Organisations are beginning to implement zero-trust models for data governance thanks to the proliferation of poor quality AI-generated data, often known as AI slop.

Unverified and low quality data generated by artificial intelligence (AI) models – often known as AI slop – is forcing more security leaders to look to zero-trust models for data governance, with 50% of organisations likely to start adopting such policies by 2028, according to Gartner’s seers.

Currently, large language models (LLMs) are typically trained on data scraped – with or without permission – from the world wide web and other sources including books, research papers, and code repositories. Many of these sources already contain AI-generated data and at the current rate of proliferation, almost all will eventually be populated with it.

A Gartner study of CIOs and tech execs published in October 2025 found 84% of respondents expected to increase their generative AI (GenAI) funding in 2026 and as this trend accelerates, so will the volume of AI-generated data, meaning that future LLMs are trained more and more with outputs from current ones.

This, said the analyst house, will heighten the risk of models collapsing entirely under the accumulated weight of their own hallucinations and inaccurate realities.

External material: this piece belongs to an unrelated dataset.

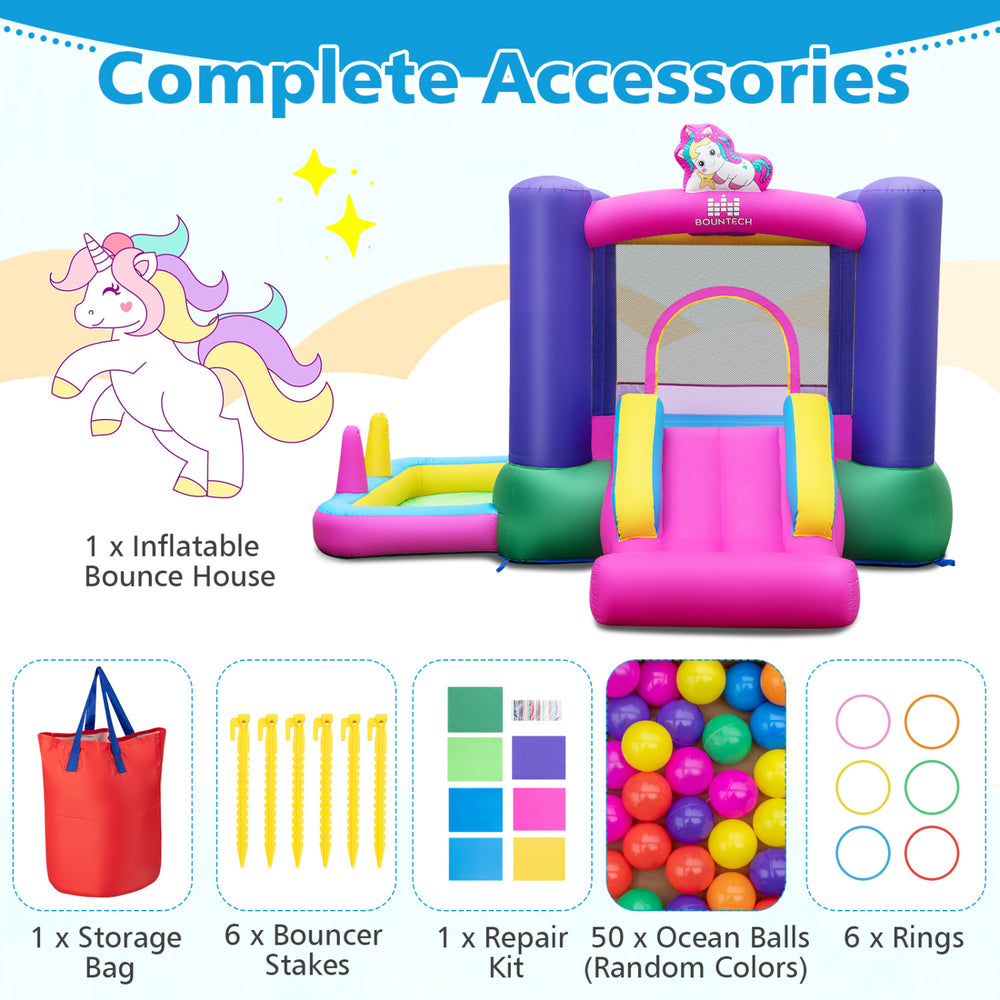 Inflatable bounce house with slide, splash pool, and ring toss games, featuring a unicorn theme for kids aged 3 to 10.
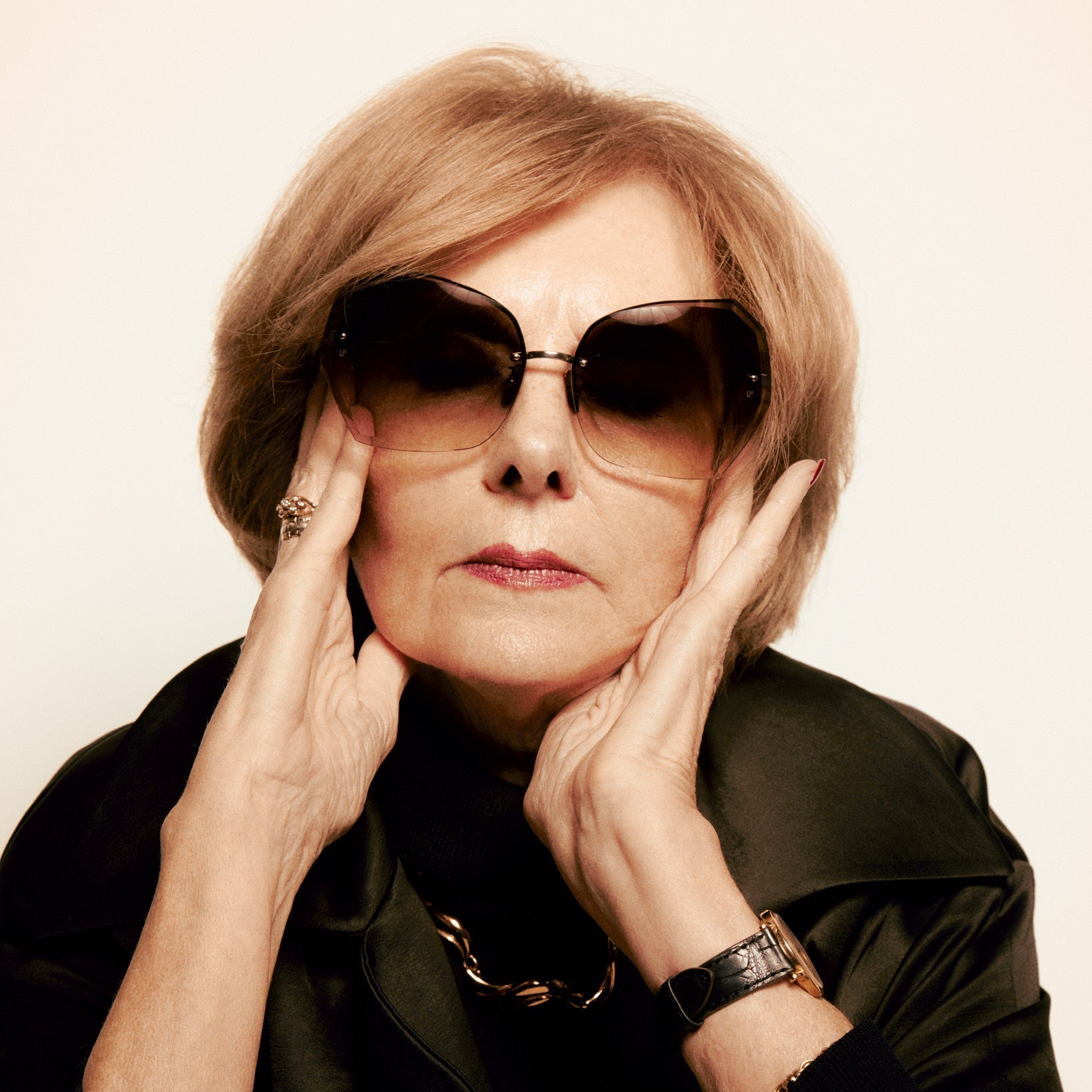 Lila Sunglasses in 22K Gold and Mocha - LINDA FARROW - Sunglasses -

Gartner warned it was clear that this increasing volume of AI-generated data was a clear and present threat to the reliability of LLMs, and managing vice president Wan Fui Chan said that organisations could no longer implicitly trust data, or assume it was even generated by a human.

“As AI-generated data becomes pervasive and indistinguishable from human-created data, a zero-trust posture establishing authentication and verification measures, is essential to safeguard business and financial outcomes,” said Chan.

Verifiying ‘AI-free’ data

Chan said that as AI-generated data becomes more prevalent, regulatory requirements for verifying what he termed “AI-free” data would likely intensify in many regions – although these regulatory regimes would inevitably vary in their rigour.

“In this evolving regulatory environment, all organisations will need the ability to identify and tag AI-generated data,” he said. “Success will depend on having the right tools and a workforce skilled in information and knowledge management, as well as metadata management solutions that are essential for data cataloguing.” 

Chan forecast that active metadata management practices will become a key differentiator in this future, enabling organisations to analyse, alert, and automate decision making across their various data assets.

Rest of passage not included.